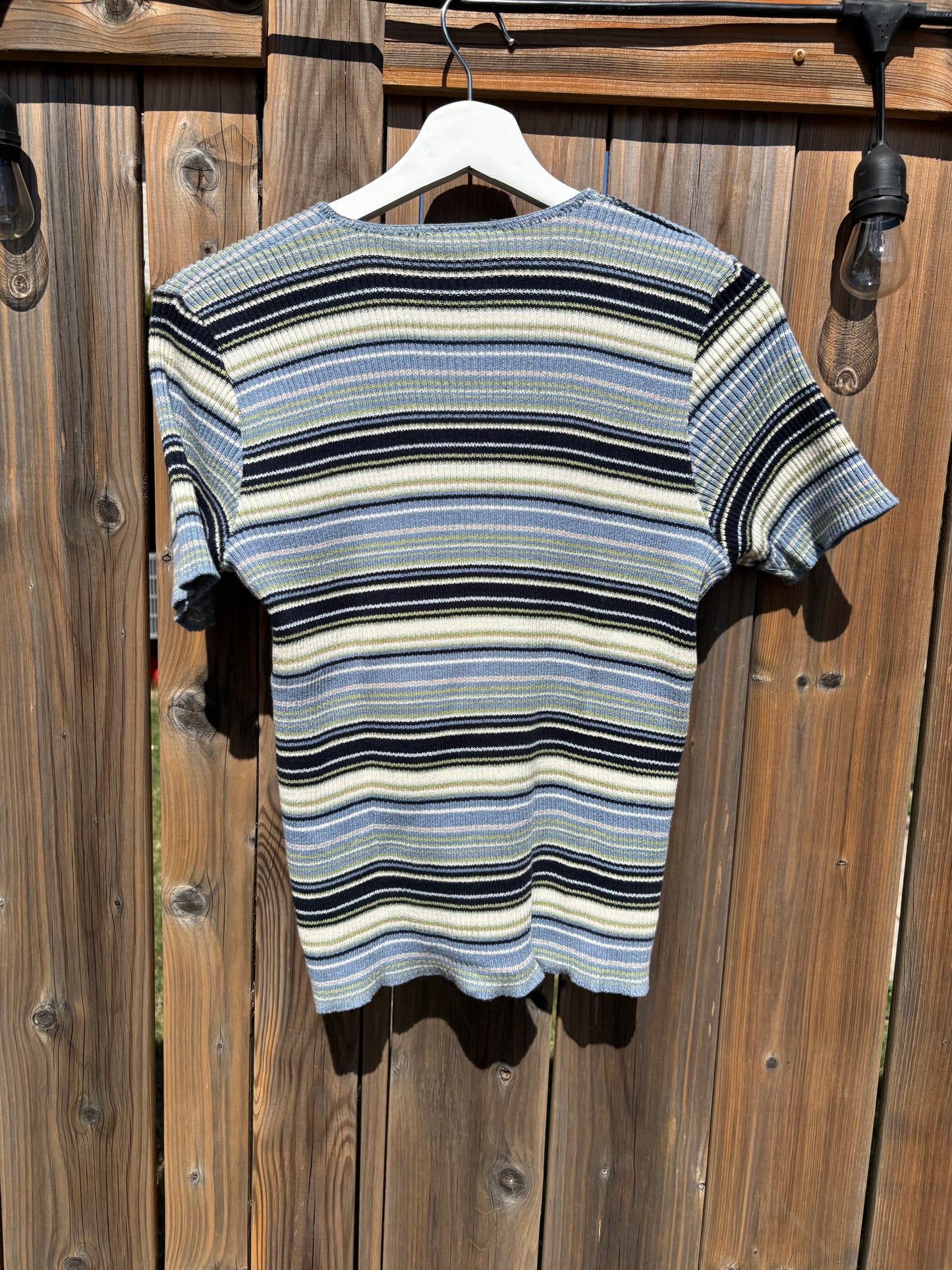 Vintage Short Sleeved Zip-Up Knit Size Small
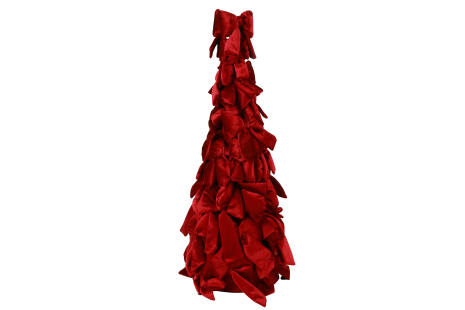 Countryfield Strik Kerstboom Royals L 60x20x60cm - bordeaux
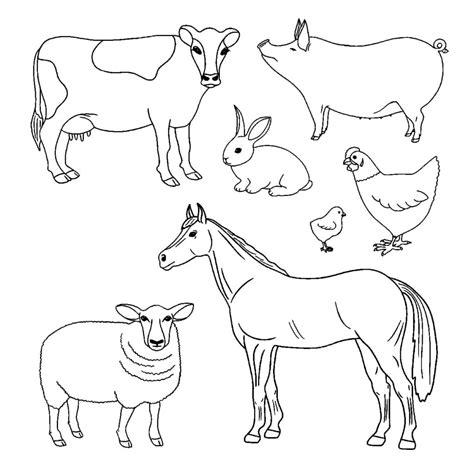 disegni animali della fattoria da colorare mucca,il toro è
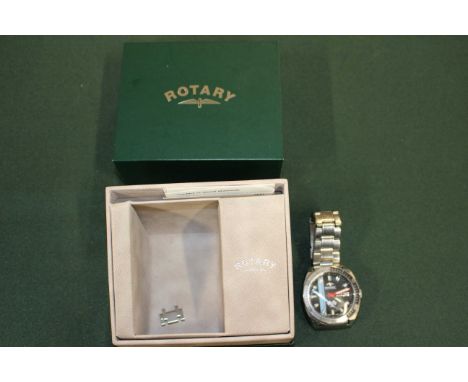 Rotary Aquaspeed Monza Gentleman's wristwatch with stainless steel strap.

- [HOW TO COMPLETE THIS TASK]: If the listing above includes images, copy every line of it exactly except those images.

- [WRITTEN RESPONSE]:
 Vintage Short Sleeved Zip-Up Knit Size Small
 Countryfield Strik Kerstboom Royals L 60x20x60cm - bordeaux
 disegni animali della fattoria da colorare mucca,il toro è
 Rotary Aquaspeed Monza Gentleman's wristwatch with stainless steel strap.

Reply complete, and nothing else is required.